If you live in School District 95, you’re being pressured to approve a big tax increase to straighten out the district’s ailing education fund. But before you cast your important vote, I urge you to take a close look at a few statistics the school board isn’t particularly interested in telling you.

According to the board’s own study completed last fall, the proposed 47-cent tax hike is nearly double what the board actually needs to pull the education fund out of debt and place it solidly into surplus.

In fact, a 30-cent increase studied and ignored by board members would have been the best choice, generating a $1.8 million surplus in the education fund by 2010. That’s $1.8 million even after additional spending is factored in for an across-the-board teacher salary increase and general academic improvements.

These numbers, and those to follow, come from the board, not me. I’ll gladly hand-deliver copies of the board’s revenue projections to anyone interested in learning more about the district’s true financial situation.
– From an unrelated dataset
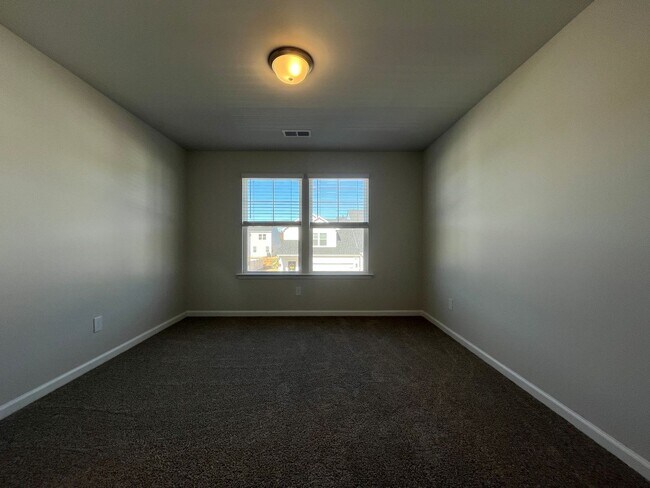 Building Photo - New 4/3 Townhome Available Now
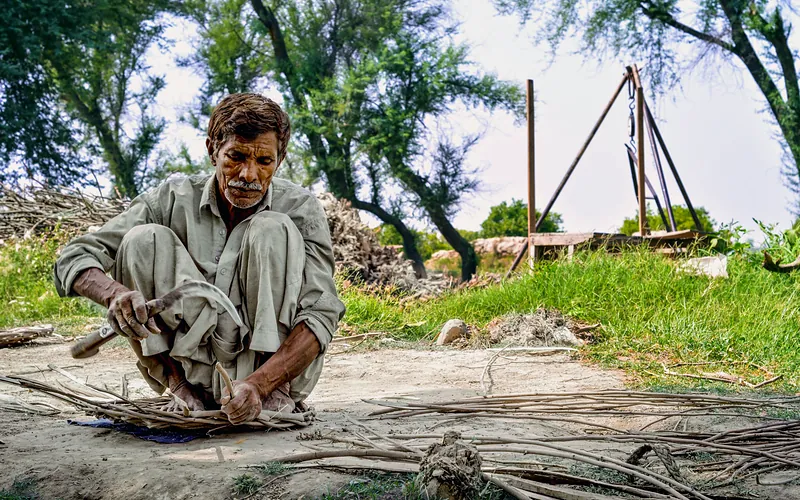 Elderly man working skillfully with wooden sticks in a park setting in Mian Channu, Punjab, Pakistan, Punjab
If the 47-cent referendum passes, it will generate an education fund surplus of $4 million by 2010, even with an average increase of 4.6 percent in curriculum-related spending every year. This surplus is above and beyond a projected working cash reserve of $3.2 million in 2010.
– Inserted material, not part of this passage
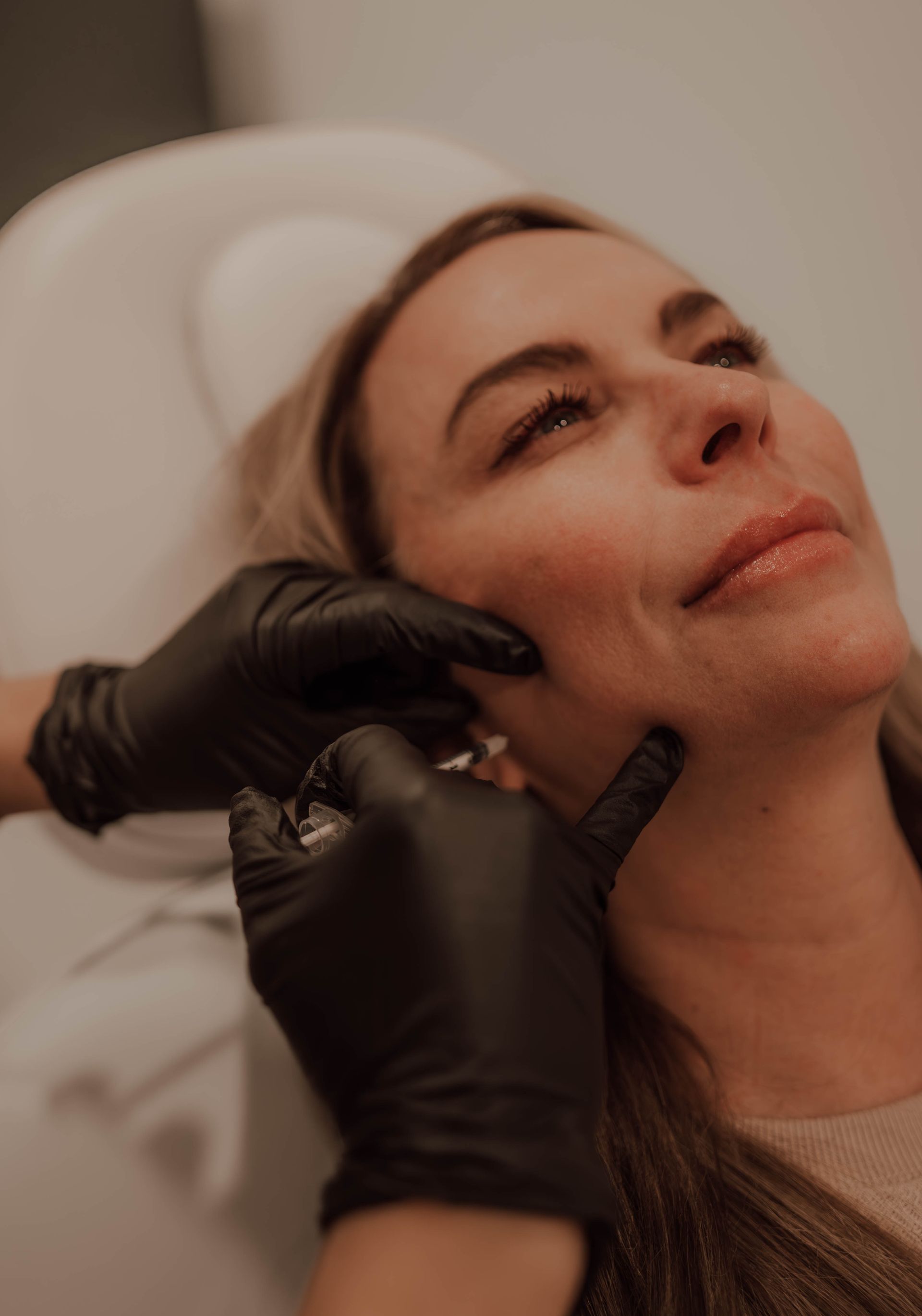 a woman is getting a facial treatment at a beauty salon .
Even if you toss in the board’s ideas for all-day kindergarten and other expensive “program enhancements” that exist only on paper, the board will be sitting on $6.3 million in 2010, just in the education and working cash funds.

A huge surplus in the education fund is inappropriate because the board’s separate working cash fund is intended to be the district’s fall-back fund. The district doesn’t need two multi-million dollar piggy banks, and the board doesn’t need the temptation to spend those excess tax dollars.

A 30-cent increase, on the other hand, is enough to keep the education fund from ever dipping into the red, and it builds a substantial surplus of $1.8 million by 2010, according to the board’s projections. When you toss in the availability of $3.2 million in the district’s separate working cash fund, that’s $5 million in cash, well beyond the cash cushion recommended by the state of Illinois, all on a 30-cent hike.

As a parent and voter, I think it’s important to know about projected cash surpluses and lower tax alternatives available to our district. The board simply doesn’t need as much money as a 47-cent tax hike would produce.

So where do we go from here? Personally, I have to vote no, even though I fully support the board’s determination to balance the district’s finances. I know the education fund is a mess, and so is the tax system that funds our schools. But I believe we should take the time to get the numbers right. The board failed to do so.

Some parents I have spoken with feel they have no choice but to go along with the school board because their kids keep bringing home memos promising drastic cuts if the board doesn’t get its way. But in reality not a single teacher or program needs to be cut, today or in the fall, according to the board’s financial statements.

Parents and neighbors, we’re being squeezed on purpose. The board discussed how to leverage their position, and the strategy emerged to target hot-button issues such as cutting staff at every grade level, slashing the art, band and sports programs in their entirety and reducing bus service to the bare minimum required by law. It’s a scare-the-voters agenda calculated to touch every child in the district, including mine.

To the referendum cheerleaders wrapping blue ribbons around their trees, I encourage you to ask yourself whether it’s your intention to fund the district properly or to fund it excessively. It seems to me a number of parents and teachers are marching in lockstep with the board’s position and either don’t know or don’t care that the proposed tax hike far exceeds the district’s projected expenses.

I urge the District 95 school board to withdraw its 47-cent tax increase from the March ballot, because it exceeds what is prudent and necessary to fund the district’s education fund. And I call upon the board to return to the voters eigh months from now with a 30-cent referendum which more closely matches the financial needs of our schools.

To cover any shortfall in the education fund between now and passage of a 30-cent tax increase, the board should carefully tap into its $2.8 million cash reserve, just as it has funded budget shortfalls in the past.

That’s what the money is there for, and the cash fund is large enough to carry the district past fiscal year 2008, well beyond the first infusion of tax revenue from a successful 30-cent referendum in November.

Voters need to know the entire story. I encourage every D-95 parent and homeowner to vote no in March. The board will get my vote when they return with a 30-cent proposal.